The difficulties Doisneau had photographing Les Halles are noted at the beginning of the exhibition: “lack of light, reflexes slowed down by tiredness, so many possible images! And it was intimidating.”

“But I stuck with it,” Doisneau’s quotation continues, and the result is a record of Les Halles as it was in 1968, its last year as Paris’s wholesale market.
The exhibition begins with details of Victor Baltard’s pavilions, built between 1852 and 1870 and demolished in 1971. It must have been hard for Doisneau to capture the intricacy of the iron rafters and ceilings, some areas of which would have been naturally lit and others receding into shadow, but he succeeds both in showing the buildings clearly and in giving visitors a sense of the space’s majesty. This is all the more impressive given he was working in an era before digital photography and instantaneous adjustments.
With the stage set, the exhibition is given over to photographs of the people at Les Halles. Vendors are shown alongside their products, some smiling, some laughing, some more serious. Proprietors of the bars and bistros that surrounded the market are shown behind counters. Girls are shown eating snacks in the street. There are men, women and small children; all manner of characters who once would have met at Les Halles are documented. A butcher, severed pig’s head beside him and knife in hand, stares directly at the camera. This photograph has been blown up to a large size and, in the context of the much maligned loss of the market, feels accusatory and menacing.

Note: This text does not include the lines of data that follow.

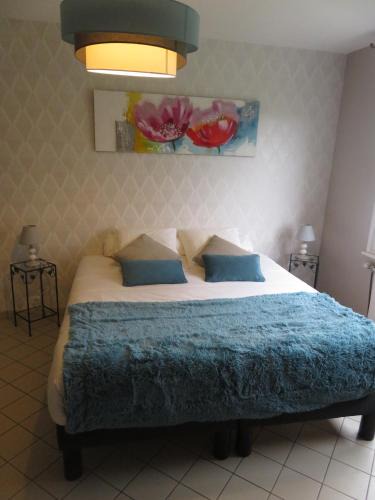 Surques Bed & Breakfast | Manoir du Brugnobois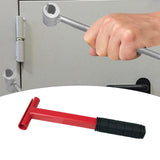 Hinges Gaps Adjusting Wrench Portable for Cabinet Alignment Professional Use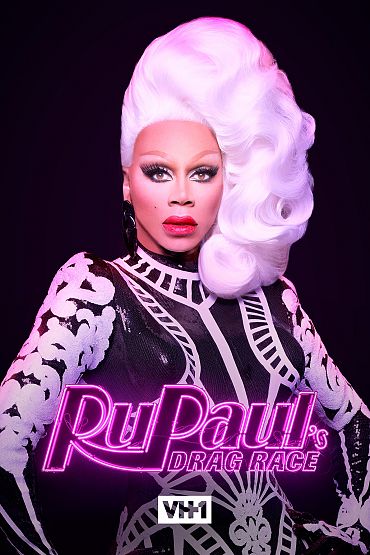 RuPaul's Drag Race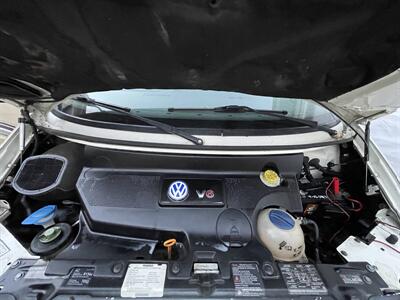 2002 Volkswagen EuroVan CAMPER  Rialta - Photo 67 - Chino Hills, CA 91709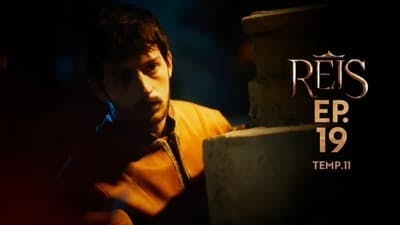 Assistir Reis Temporada 11 Episódio 19 Online em HD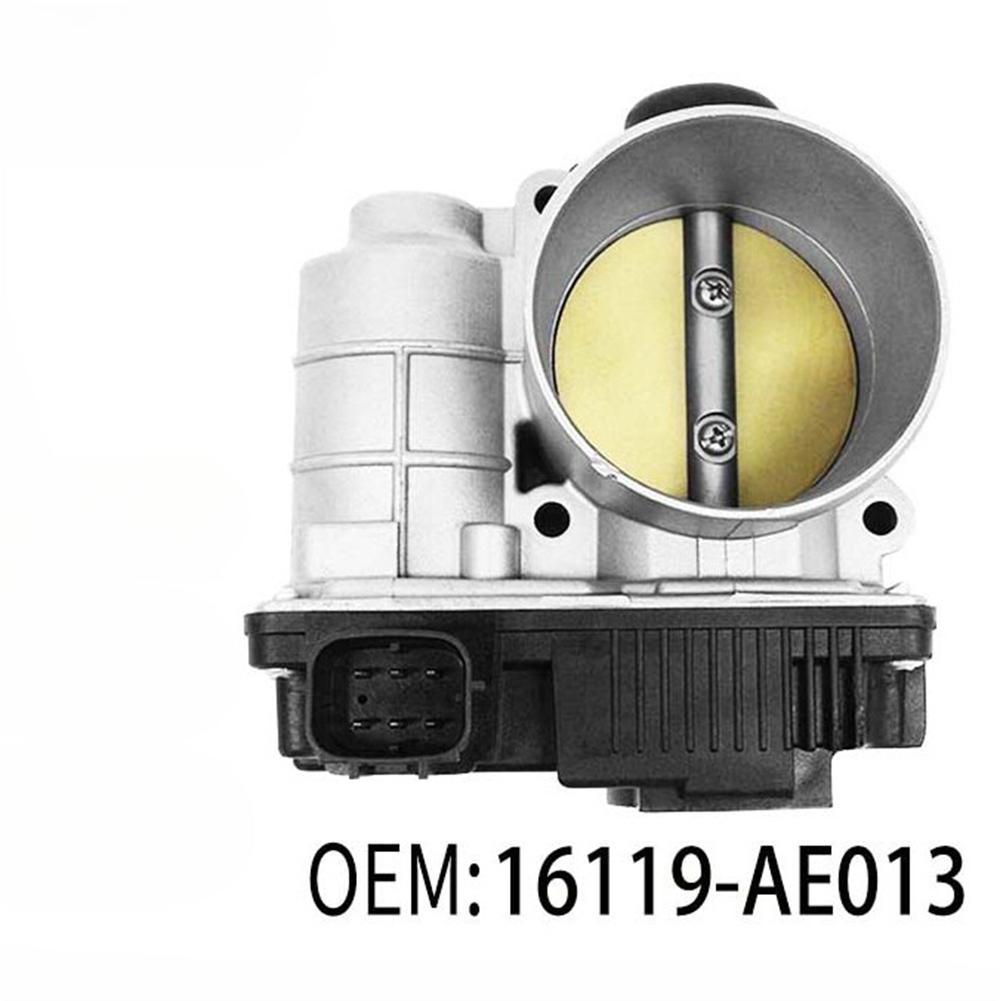 Throttle Body 16119-AE013 For 2002-2006 Nissan Sentra Altima 2.5L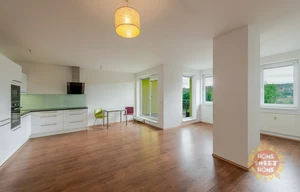 Apartment for sale, 1+KK - Studio, 54m<sup>2</sup>
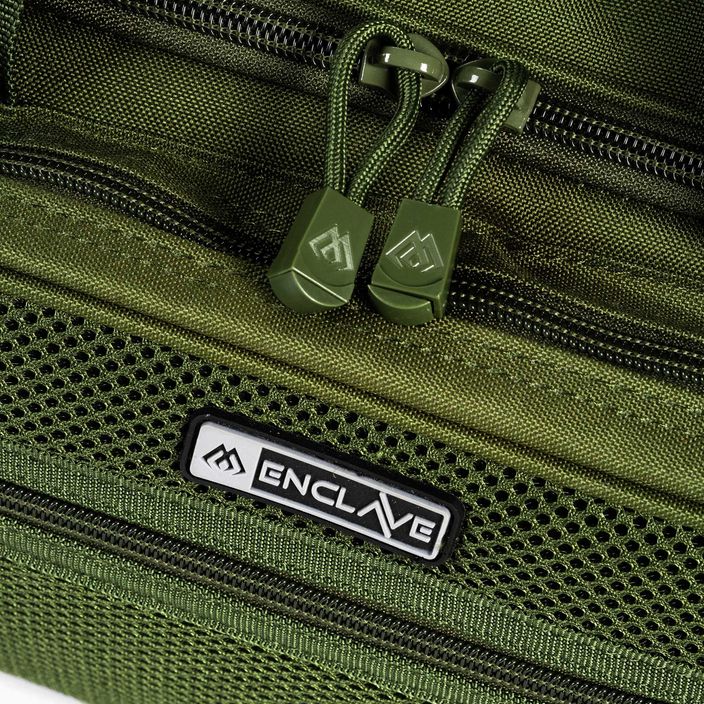 Рибарска чанта Mikado Enclave Stalker зелена UWF-019 4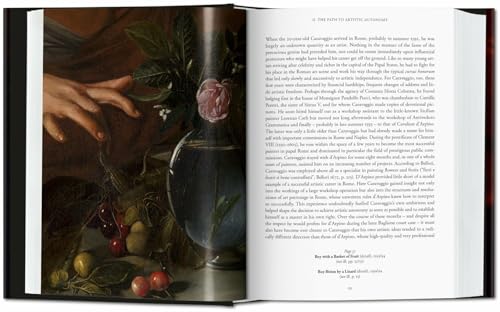 Caravaggio: The Complete Works,New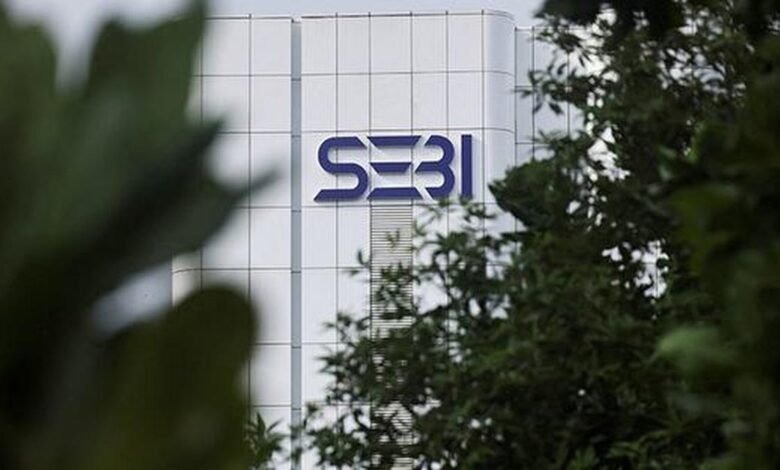 Sebi para expandir la posesión y completo del presidente del presidente Tuhin Kanta Pandaney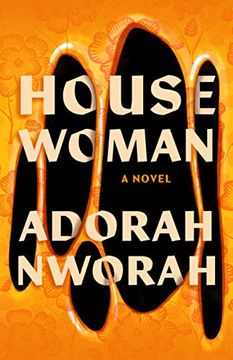 portada House Woman (en Inglés)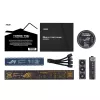 Vaizdo plokštė ASUS GeForce RTX 5090 — 32 GB GDDR7, 512 bitų, PCIe 5.0, 4 ventiliatoriai, 357,6×149,3×76 mm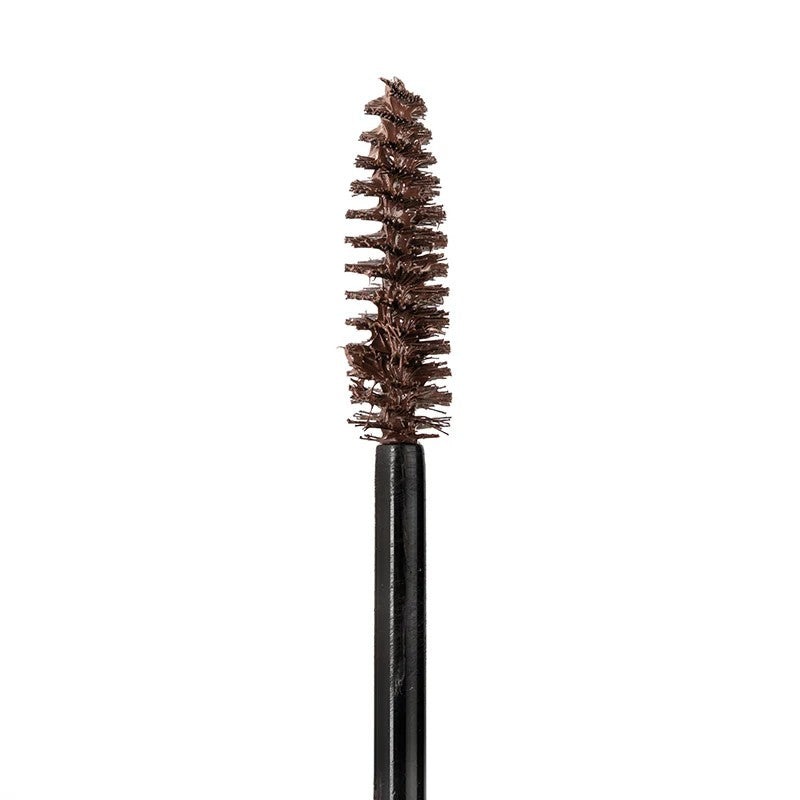 MUA VOLUME MASCARA BROWN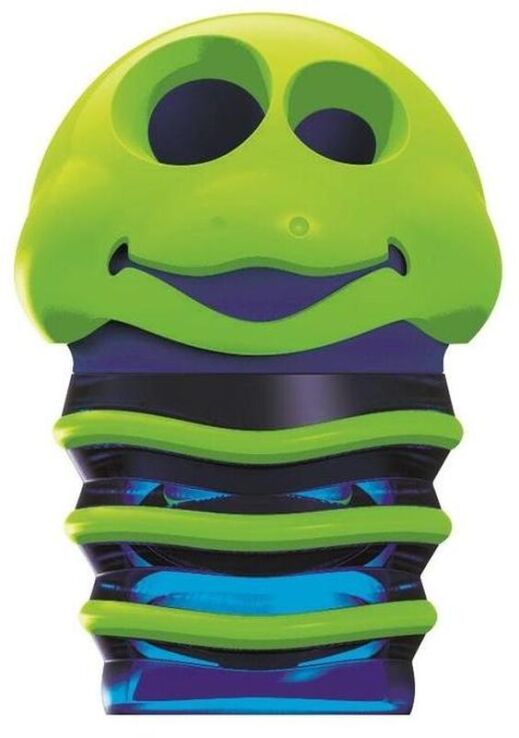 Maped Ξύστρα Croc Croc - 3 Σχέδια (501700) (3)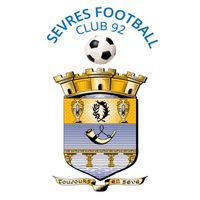 Logo Sèvres FC 92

A series from 1953, earlier than most photographs in the exhibition, entitled ‘Le Saut du Caniveau’ (The Jump of the Gutter) captures a variety of people in motion leaping over rubbish in the gutter. It’s a clear nod to Henri Cartier Bresson’s 1932 photograph of a man in the Place de l’Europe, used to illustrate the idea of the ‘decisive moment’ at which the shutter clicks. It’s also an amusing reworking of Cartier Bresson’s photographs, taking an image with a somewhat magical aura and illustrating the movement as it is replayed for practical reasons in daily life. The series seems popular with visitors; more visitors lingered here than in any other part of the exhibition.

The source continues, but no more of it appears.